Give back the records that follow exactly, images excluded.

Data items:

►

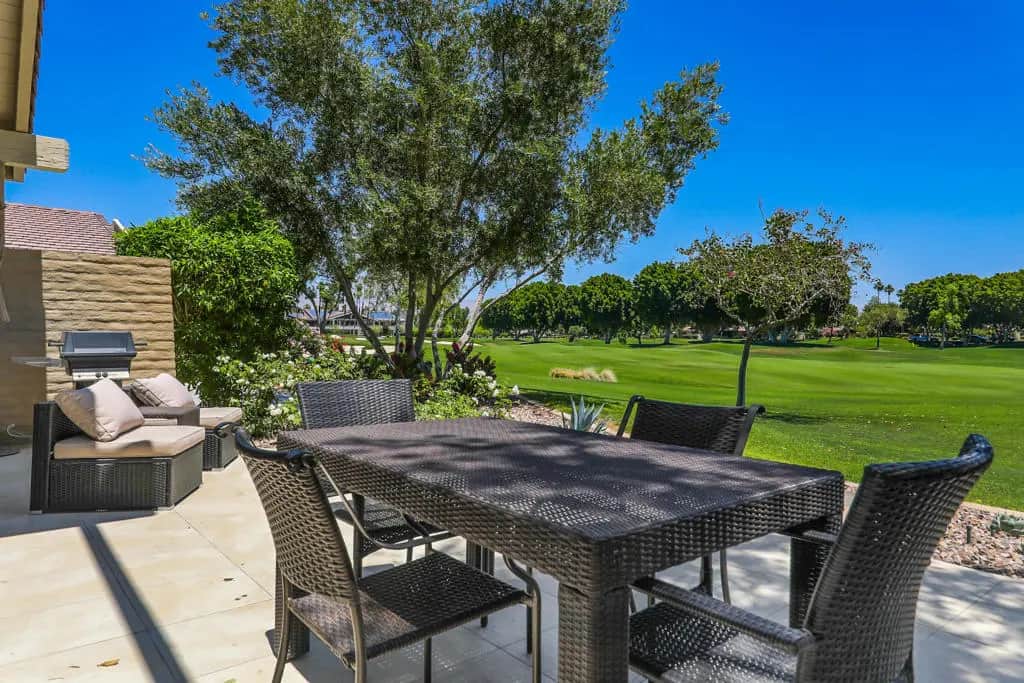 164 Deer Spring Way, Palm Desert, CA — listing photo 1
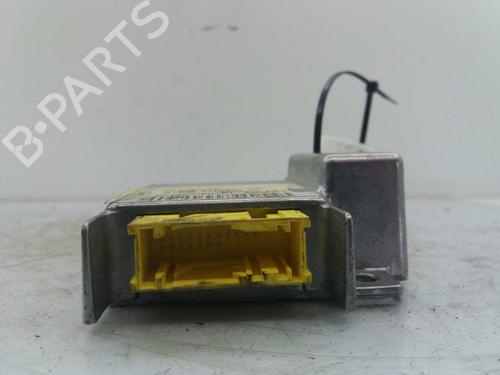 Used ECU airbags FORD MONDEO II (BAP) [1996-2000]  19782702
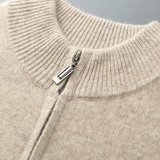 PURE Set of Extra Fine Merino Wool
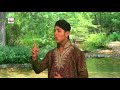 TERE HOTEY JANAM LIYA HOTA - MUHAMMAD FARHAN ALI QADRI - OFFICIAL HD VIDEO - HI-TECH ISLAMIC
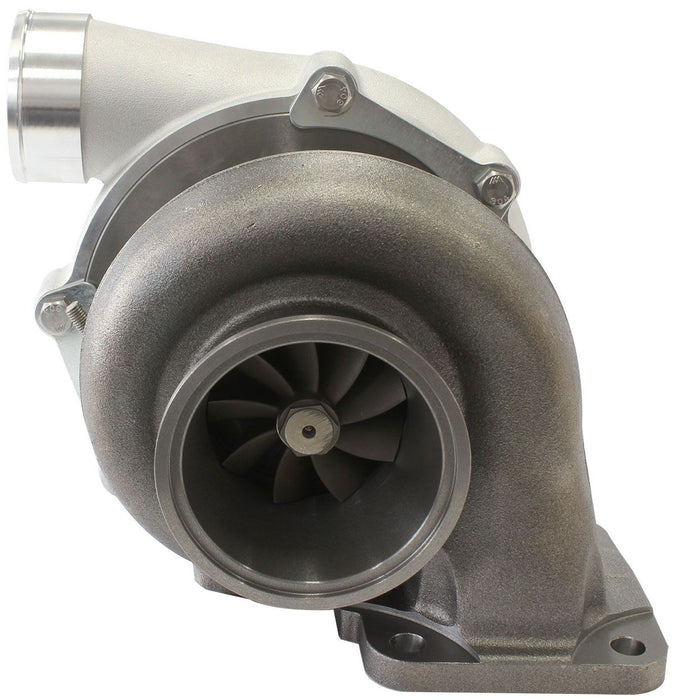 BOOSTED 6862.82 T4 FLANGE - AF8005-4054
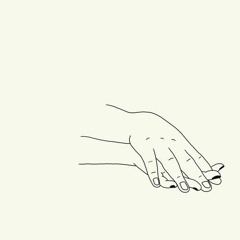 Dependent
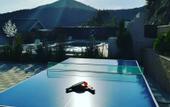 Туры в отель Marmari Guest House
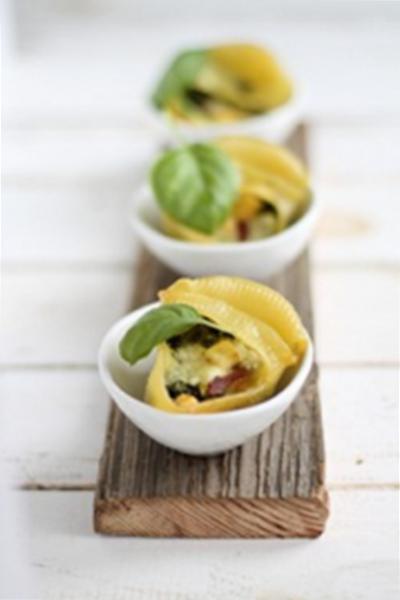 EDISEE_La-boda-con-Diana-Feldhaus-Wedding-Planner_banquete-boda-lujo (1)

◄

_ANSWER SPACE_
 164 Deer Spring Way, Palm Desert, CA — listing photo 1
 Used ECU airbags FORD MONDEO II (BAP) [1996-2000]  19782702
 PURE Set of Extra Fine Merino Wool
 TERE HOTEY JANAM LIYA HOTA - MUHAMMAD FARHAN ALI QADRI - OFFICIAL HD VIDEO - HI-TECH ISLAMIC
 BOOSTED 6862.82 T4 FLANGE - AF8005-4054
 Dependent
 Туры в отель Marmari Guest House
 EDISEE_La-boda-con-Diana-Feldhaus-Wedding-Planner_banquete-boda-lujo (1)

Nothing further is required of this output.